TASK DIRECTIONS = Nothing but the lines below from the one holding "Berawal Iseng, Akhirnya" up to and including the one holding "Goldilocks And The" should be copied, exactly and without pictures.

DATASET RECORDS =
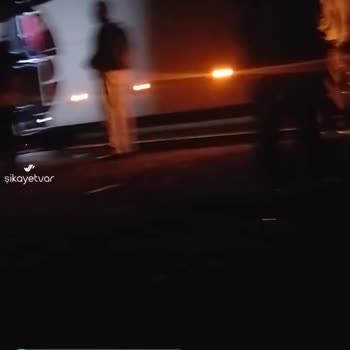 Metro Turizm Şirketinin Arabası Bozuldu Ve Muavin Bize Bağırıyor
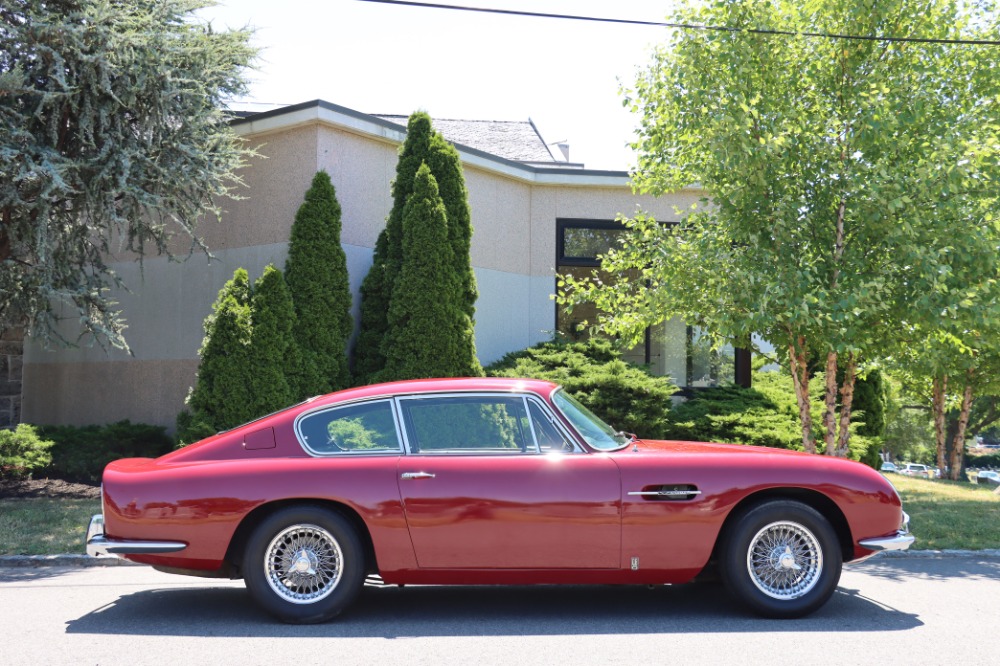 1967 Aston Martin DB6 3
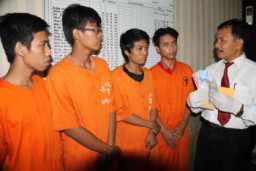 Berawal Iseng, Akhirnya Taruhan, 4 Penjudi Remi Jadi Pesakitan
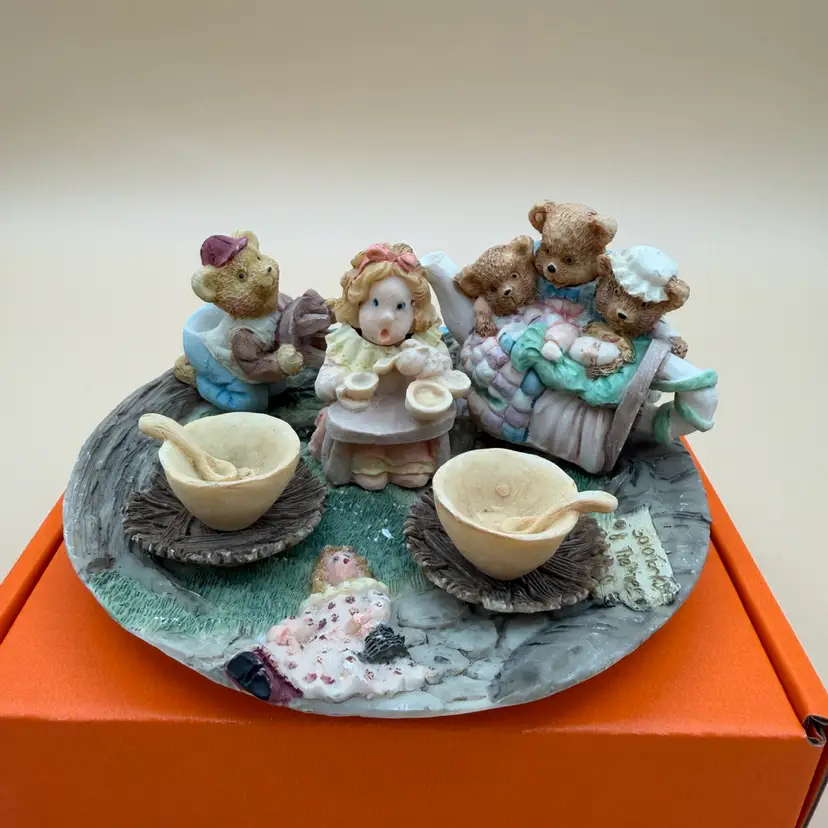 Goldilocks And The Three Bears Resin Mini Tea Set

==

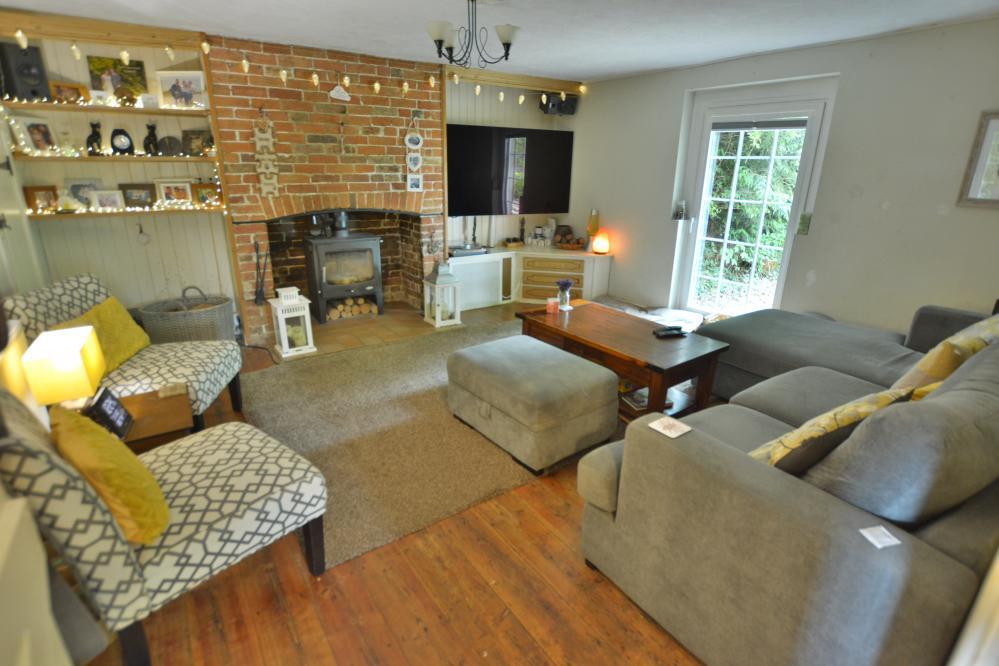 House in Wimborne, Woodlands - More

SOLUTION FOR THIS PROBLEM =
 Berawal Iseng, Akhirnya Taruhan, 4 Penjudi Remi Jadi Pesakitan
 Goldilocks And The Three Bears Resin Mini Tea Set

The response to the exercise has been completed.